Ho letto il libro di Francesco Piccolo, Il desiderio di essere come tutti, Einaudi. Un libro sull’essere di sinistra tra purezza e impurità, che a me ha ricordato L’umiltà del male di Franco Cassano (Laterza), anche perché Cassano è mio compagno di banco alla Camera e le conversazioni con lui, tra un emendamento e Sloterdijk, sono tra le cose più interessanti di questa esperienza.
Nel libro, ci sono molte cose che mi piacciono, soprattutto quando Piccolo discute della diversità dei comunisti (e della sua), altre meno, soprattutto quando Piccolo discute dell’antiberlusconismo, suo e degli altri.
Mi pare che sia una lettura di secondo livello, diciamo così, che non considera un fatto fondamentale: che gli ultimi vent’anni, come i precedenti dieci, siano stati un periodo pessimo per l’Italia. In cui siamo diventati tutti più poveri, più ignoranti e, se si vuole, meno competitivi. E che non è questione di opinioni o di percezione, ma è un dato oggettivo e clamoroso.
Tutti non sono solo quelli di sinistra, e Piccolo ha ovviamente ragione. C’è da capire però dove siano finiti quei tutti, e dove sia finita la sinistra. Che è andata a cercarsi altrove, forse perché non poteva sopportare le proprie contraddizioni. Una sinistra che ha buttato via quasi tutto, della sua storia, senza saperne raccontare un’altra.
Il problema insomma non è stato nella tattica, ma nell’assenza di strategia. E quando Piccolo ripensa alla fontana della Reggia di Caserta, e a Diana e Atteone (mito carissimo a Giordano Bruno, peraltro), a me sembra che ci siamo dimenticati della nuda vita, parecchio offesa in questi anni, mentre tutti eravamo portati a commentare, soprattutto. Questione di sostanza, questione che riguarda la realtà, da leggersi senza travestimenti e senza veli, che non abbiamo saputo interpretare. Tutti, qui, vuol dire anche nessuno. Ed è la cosa più grave di tutte.
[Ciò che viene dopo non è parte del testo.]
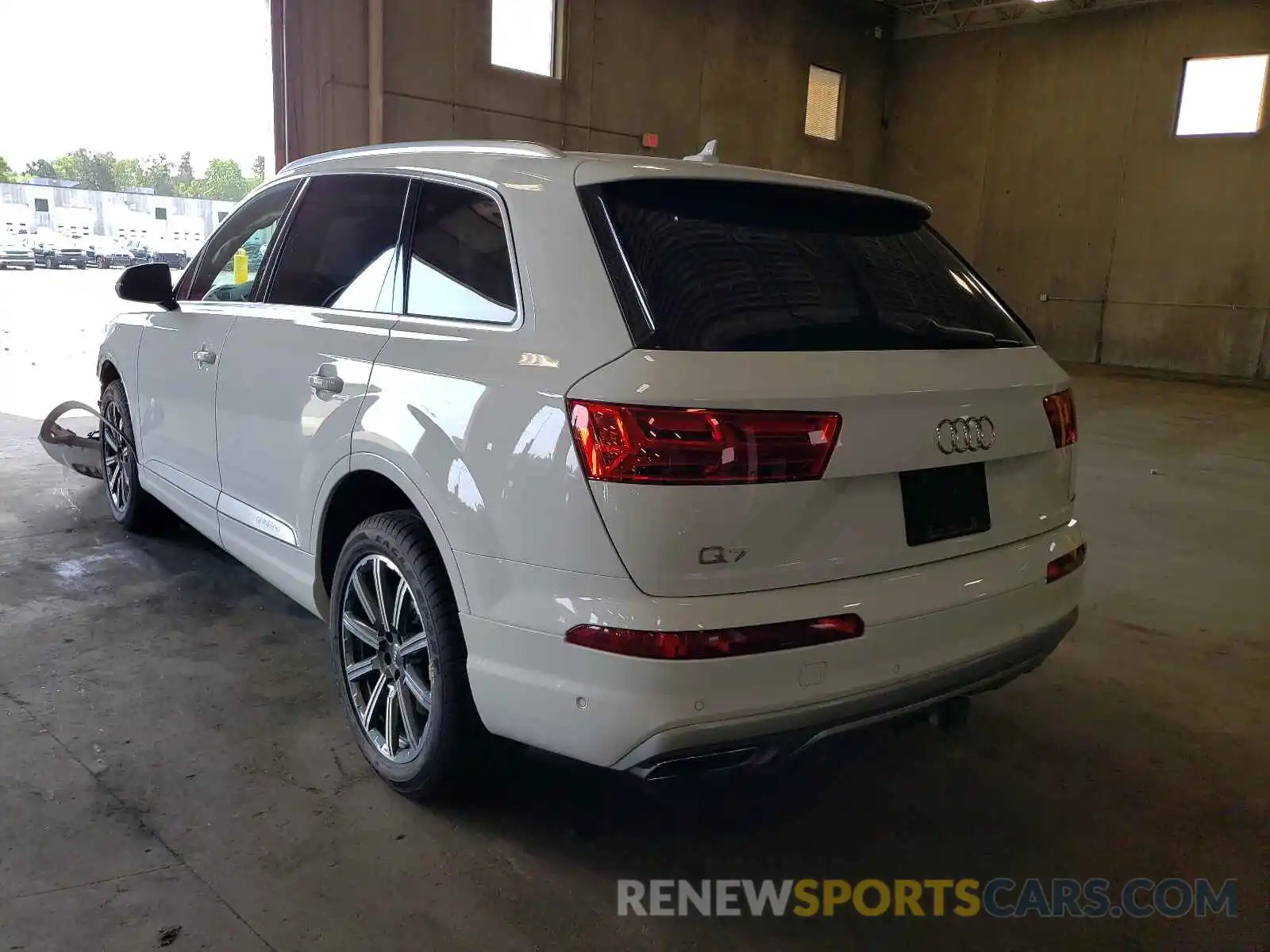 3 Photograph of a damaged car WA1LAAF75KD034414 AUDI Q7 2019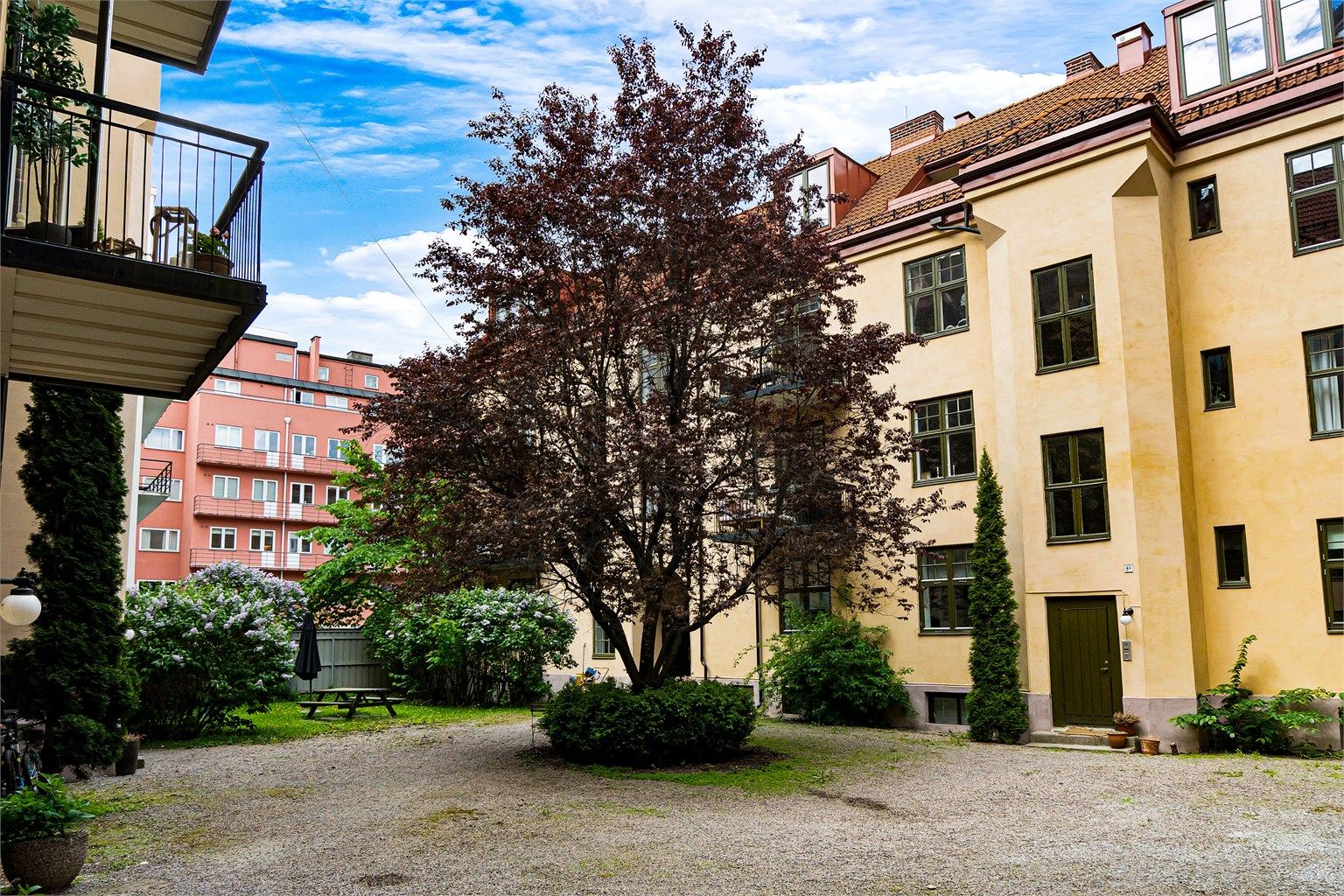 Neuberggata 6A  har en sentral og attraktiv beliggenhet på Majorstuen/Frogner, like ved Vestkanttorget. Gaten ligger tilbaketrukket i en stille sidegate, som gir en rolig atmosfære.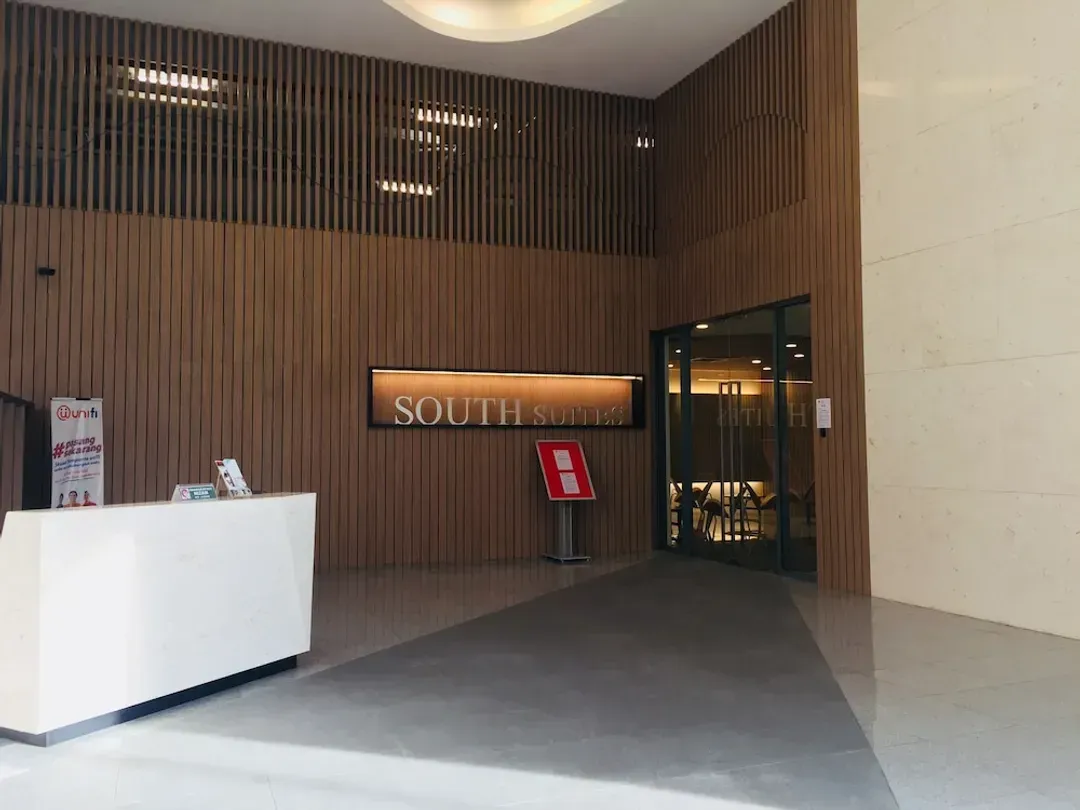 Concierge desk
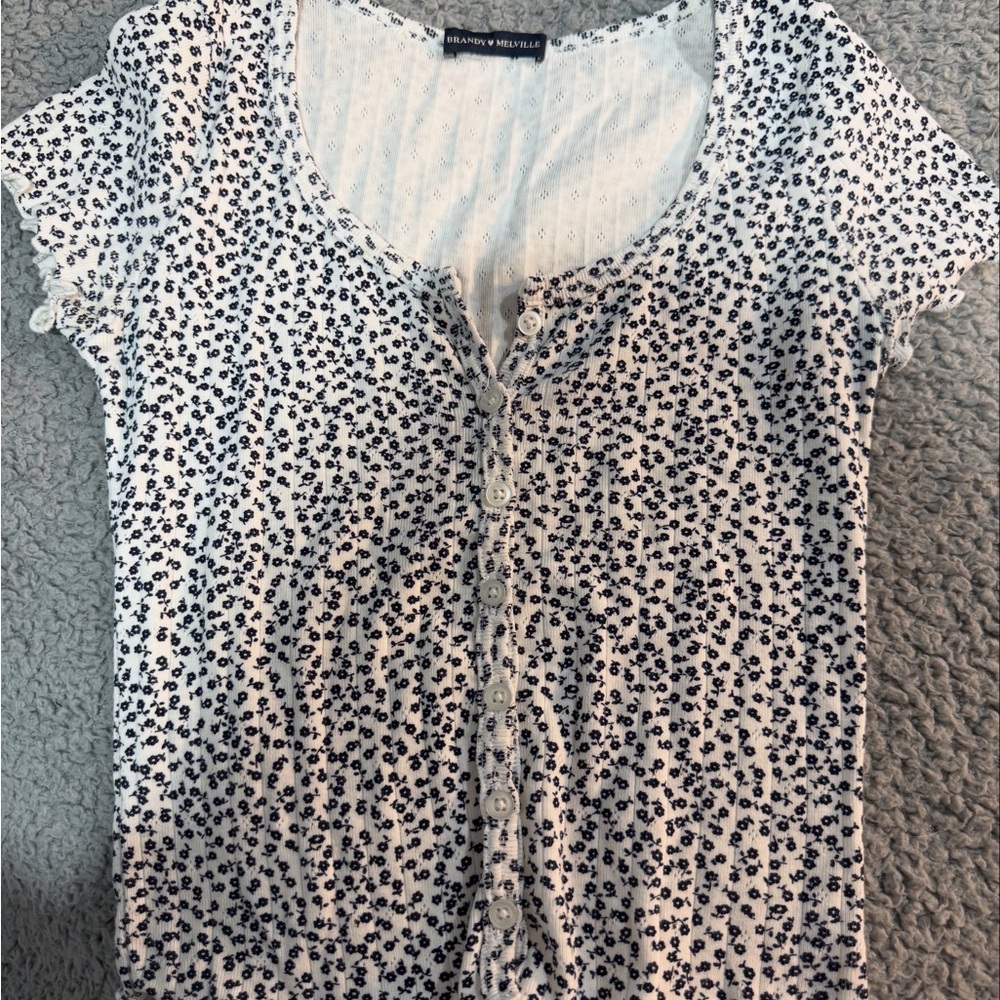 Brandy Melville Black and White Fitted Buttoned Blouse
Per altro, quel peggioramento ha riguardato proprio tutti o quasi, a parte una piccola porzione di amici degli amici, di furbissimi e di introdotti. Anche di disonesti. Per tutti (appunto) gli altri, non è stato bello. Né giusto. E questo è il vero problema, al di là dei punti di vista. E in tutto questo la nostalgia per Berlinguer è naturale e pre-politica. È qualcosa di affettivo e però di razionalissimo. Soprattutto per come le cose, poi, sono andate. Che è l’unica cosa che conta davvero.